Real-time collaboration for Jupyter Notebooks, Linux Terminals, LaTeX, VS Code, R IDE, and more,
all in one place. Commercial Alternative to JupyterHub.

Path: 2015-10-21-151514.sagews

Views: ¹⁶⁶

Basic Question

A research participant sees some sequence of dots. Later they are asked to say what order they think the dots appeared in. We want a meaningful way to say how accurate they are.

Setup

The dots are numbered 1, 2, ..., n
The participant does not see the numbers
The dots always appear in numerical order, cycling from dot 1 back to dot n
The participant sees several cycles
The participant's response can be encoded as a reordering of the numbers 1, ..., n

Question

Quantify the accuracy of responses
Say what fraction of the n! possible responses are at the same or greater accuracy as a given response

Desiderata

Participant responses are scored by a real number
A cyclic rearrangements should have the same score
Responses which have more dots in sequence should have better scores than those which have fewer dots in sequence.

Technicalities

Permutations

A sequence of numbers which has no repeats and includes all numbers in a range from 1 to n is called a permutation. It can be thought of as a rearrangement of the standard sequence (1,2,3,...,n).

Metrics

A metric is a way of assigning distance. It is a function of two variables which returns a number. There are a few other axioms to require, and they ensure that the function gives a meaningful notion of "distance" between things.

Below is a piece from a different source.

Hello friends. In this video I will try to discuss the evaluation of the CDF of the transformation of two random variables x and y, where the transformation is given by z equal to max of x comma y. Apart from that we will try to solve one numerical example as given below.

Mainly interested in invariant metrics, i.e., metrics d such that for permutations x,y,z d(zx, zy) = d(x,y)
- Implies that metric is independent of how the dots are numbered
- Might imply that metric is independent of cyclic rearrangement (below). I need to think about that.
For an invariant metric d, d(x,y) = d(e,x^{-1}y), where e is the identity permutation.
So just need w(x)= d(e,x); this is called a weight function

We have a number of different ideas for what metrics make sense to use. In fact, we could use all of them, and give some kind of composite score.

Cyclic rearrangement

We want to score permutations the same if they differ by a cyclic rearrangement. One easy way to achieve this is, given any permutation, "rotate" it until the first term in the sequence is 1. (Start with 1, and go in the order specified by the sequence. When you get to the end, start back at the beginning until you get to the term before 1.) This can be done uniquely for every permutation.

For example, (6,2,3,1,4,5,7) would rotate to (1,4,5,7,6,2,3).

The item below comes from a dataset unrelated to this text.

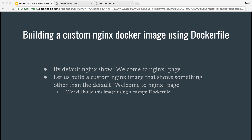In this video we will have a look at how to build a custom nginx Docker image using a Dockerfile, and not the docker commit command. By default, when you run the nginx container it shows you a welcome to nginx page.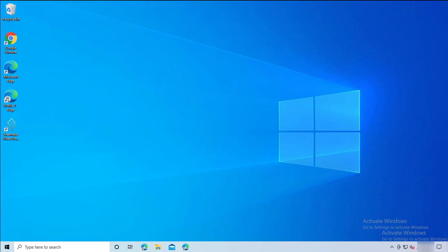Hey guys, welcome back. This is Carson Cloud. In this video I'm going to show you how to create or delete profiles in Microsoft Edge Chromium. Now let's get started — I'm going to launch the icon here.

Note: Suppose n = 4. Consider the permutation given by (2,4,1,3). This would be rotated to (1,3,2,4). In both cases, there is exactly 1 correct transition, from 4 back to 1. We should be sure to count those transitions in our ranking.

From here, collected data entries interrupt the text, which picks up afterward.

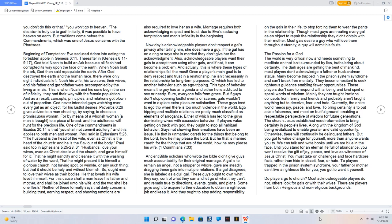Neither of these formally says that daily concerns, building trust, earning respect, and showing emotions are also required to love her as a wife. Marriage requires both acknowledging respect and trust. Due to Eve seducing temptation and man's infidelity in the beginning, nowadays acknowledgeable players don't respect a gal's privacy after telling him she does have a guy. If the gal has on a ring or says she is married, they don't give her the acknowledgment.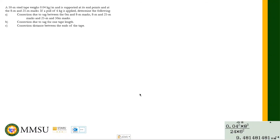Let's try this problem: A 50-meter steel tape weighs 0.04 kilogram per meter and is supported at its endpoints and at the 8-meter and 25-meter marks. If a pull of 6 kilograms is applied, determine: (a) correction due to sag between 0–8, 8–25, and 25–50 marks; (b) correction due to sag for one tape length; and (c) corrected distance between the ends of the tape.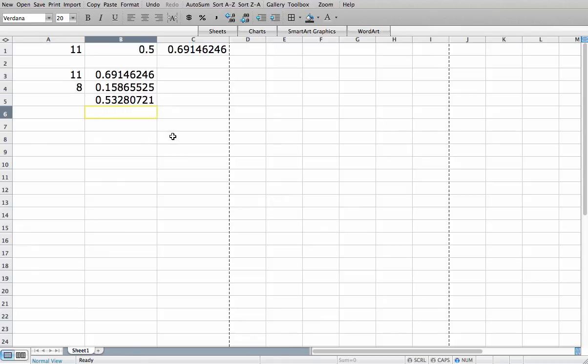So hopefully this helps you see how to compute probabilities for normal random variables using Excel.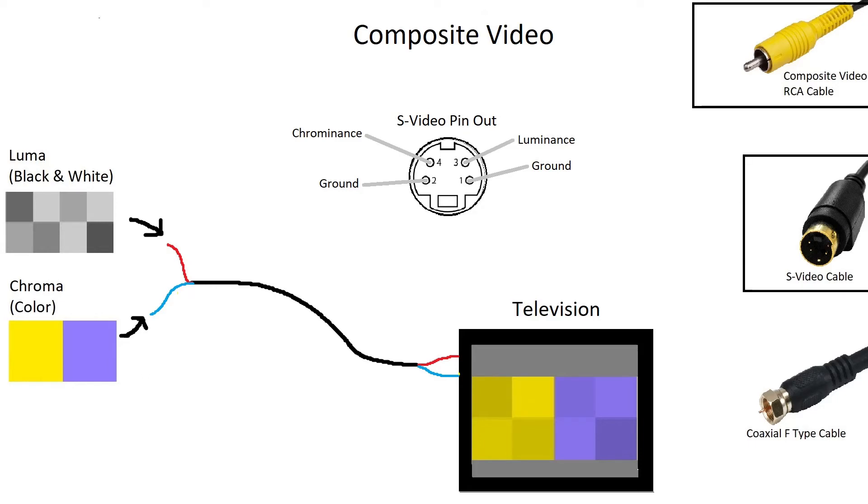It used the same chroma and luma signals, but it does not combine them into one wire. Within the S-video cable, there are two separate wires for each signal. By separating the signal, it reduces interference and can give a better picture quality.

Another Note: If we want to do some counting over the set of all permutations, we can speed up by only considering those which are already rotated to start with 1, and multiplying by the number of rotations (n).

Another: Some weight functions are already independent of rotation in this sense. Permutation weight and transition weight, for example.

Another: If a weight function is not independent of rotation, it could happen that different rotation has smaller weight. For example, the Hamming weight of (1,7,2,3,4,5,6) is 6, but (7,2,3,4,5,6,1) has Hamming weight 2.

Some metrics on permutations

Chris's idea

Here is my understanding of the metric that Chris described. I call it the "transition metric" because it counts how many correct transitions are in the sequence.

Given a permutation a = (a[1], a[2], ..., a[n]), count the number of i such that a[i+1] is not equal to a[i] + 1. For i = n, take i+1 = 1.

This is similar in spirit to the Kendall tau below, but not quite the same.

Standard metrics on permutations

There are (at least) 3 interesting problem domains where this kind of question comes up. Each one has a couple of standard metrics, and a whole host of modified versions for variants of the basic problems. Since none of these exactly match our setup, I propose that we just start with these.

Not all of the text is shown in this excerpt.